New York is the city that never sleeps. But this renowned insomnia would not be possible without the more than 200,000 men and women who work the nightshift – the fry cooks and coffee jockeys, train conductors and cab hacks, cops, docs, and fishmongers selling cod by the crate. Inverting the natural rhythm of life, they keep the city running as it slows but never stops.

In our book, NIGHTSHIFT NYC, we tell the stories of New York City nightshift workers. This ethnography of the night investigates familiar sites, such as diners, delis and taxis, as well as some unexpected corners of the night, such as a walking tour of homelessness in Manhattan and a fishing boat out of Brooklyn. We show how the nightshift is more than simply out of phase, it is another social space altogether, highly structured, inherently subversive, and shot through with inequalities of power. NIGHTSHIFT NYC presents the narratives of those who sleep too little and work too much, revealing the soul of a city hidden in the graveyard shift of 24-hour commerce when the sun goes down and the lights come up.

But there is more to the story than found its way into the pages of the book. Here you'll find more stories of the night in New York City and around the country. And we hope you will add your own stories and comments in the months to come. Stay tuned and check back often...

Thursday, January 8, 2009

Three New Yorks

I came to New York to write. Millions upon millions have come to New York to write. As I wrote in an earlier post, I came to New York specifically to write in the tradition of Joseph Mitchell, though he died a few years before I arrived. I assert to anyone who will listen that he was one of the best nonfiction storytellers ever. Mitchell, it seems to me, gained much of that storytelling skill by growing up in the south – and by being an outsider in New York. I think that from these two bits of his biography he learned that crucial part of storytelling too many reporters miss when they’re seeking The Story: he learned to listen. And listen. And listen. He learned to not be in a hurry to find The Story. He learned to have patience. He learned to observe the cadence of speech, the rhythm of life, and the quotidian miracles overlooked by anyone in a hurry. Thus his writing on New York, a city too often rushing forward for its inhabitants to savor the stillness of a single moment, captures details, people, occupations, and preoccupations many miss in the bustle.

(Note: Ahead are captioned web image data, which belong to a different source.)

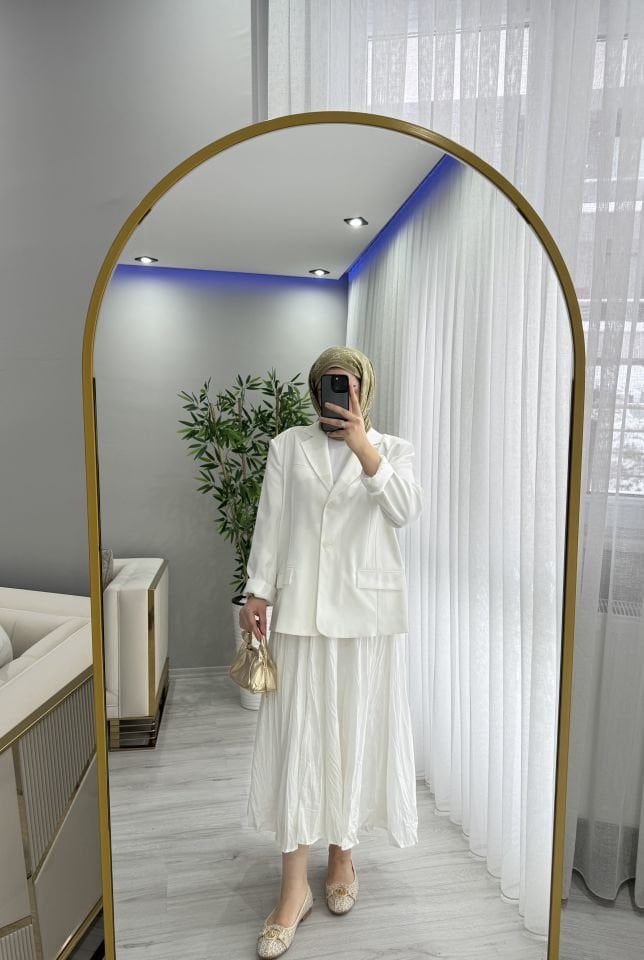 Oversize kalıp blazer ceket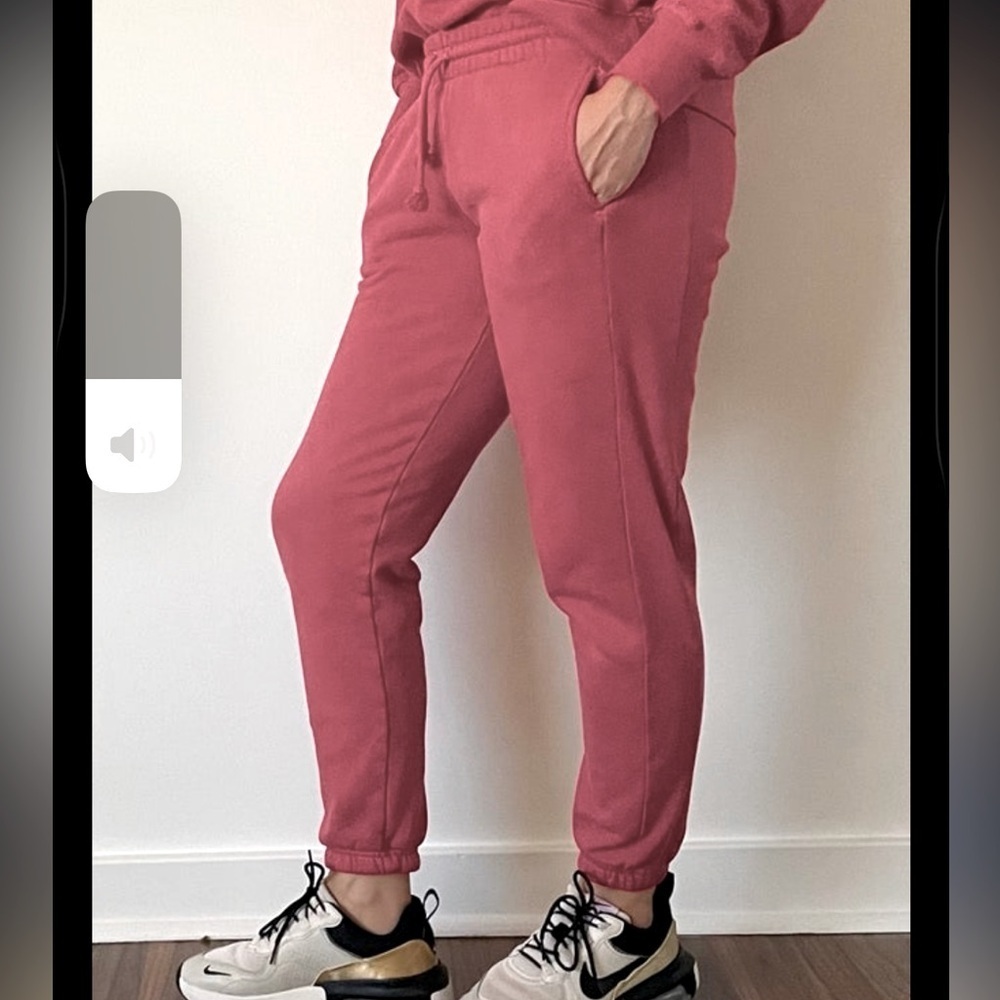 TNA Cozy Boyfriend Aritzia Sweatpants - Cherry Pink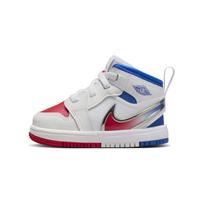 Air Jordan 1 Mid RM EasyOn TD Balti „Racer Blue“ Raudoni Kūdikio Kedukai „Siren-Red“ FQ1283-100 23.5 white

When he was writing for The New Yorker in the 1940s, for example, the oyster bedders and lobster baymen were already part of a dying profession in the constantly-changing city. Many a reporter would’ve skipped over them in favor of profiling a newer profession, finding a better story. Or they might’ve turned the story into one on the perils of those dying professions on the water. Mitchell took another tack. He simply sat with them long enough to immerse himself in their world: how they spoke, what they wore, the smells they smelled, and the topics that emerged as important to them. He cared less for The Story than their story or, rather, saw that the one was the other.

Though I graduated from college aching to come write in New York, I found myself first in Boston, and then Oxford, England, and then a rough-and-tumble port town on the Caribbean coast of Costa Rica. Each successive move took me further from my strengths and supports, and taught me how to tell a story by first being quiet. In Limón, Costa Rica, stripped of my language, culture, and every comfort, I finally learned to listen. I learned that while someone may be slow to answer my questions, I need not follow with more rapid-fire questions but instead to wait and, in that waiting, to observe.

When I finally arrived in New York, a decade ago this June, I’d had six years away from my southern roots, living amidst various languages, accents, occupations, and preoccupations. I knew I could never know more about New York than a native New Yorker. I knew I could never move (or speak or write) faster than a native New Yorker. But I knew that I had the patience to listen. And listen. And listen. I knew how to not be in a hurry to find The Story. And in so listening, waiting, and observing, I knew that their story, if not The Story, would reveal itself to me.

Why tell you all this now? Two reasons: WNYC and E.B. White. When Leonard Lopate interviewed us on his NPR show on WNYC a few weeks ago, many called in and many more have since written us to say that we’d captured what they’ve experienced in New York. We couldn’t be more gratified, and humbled, by those words. So I’ve wondered how the three of us – Russell, Corey, and me, outsiders each and every one of us – could possibly have rendered New York City in a way that resonated with native New Yorkers (though of course that was one goal). This led me to think of Joseph Mitchell, another outsider permitted to sit awhile and write things down. And it led me to recall these lines from the iconic Here is New York, from another of my favorite New Yorker writers, E.B. White:

There are roughly three New Yorks. There is, first, the New York of the man or woman who was born there, who takes the city for granted and accepts its size, its turbulence as natural and inevitable. Second, there is the New York of the commuter – the city that is devoured by locusts each day and spat out each night. Third, there is the New York of the person who was born somewhere else and came to New York in quest of something … Commuters give the city its tidal restlessness, natives give it solidity and continuity, but the settlers give it passion.

Indeed, Russell, Corey, and I came to New York in quest of something. We’re settlers here. But we have poured all our passion into this book, and this city, and we’re grateful that you’ve found something in its pages that resonates with what you – native, commuter, settler, or even just occasional visitor – know to be true of your New York.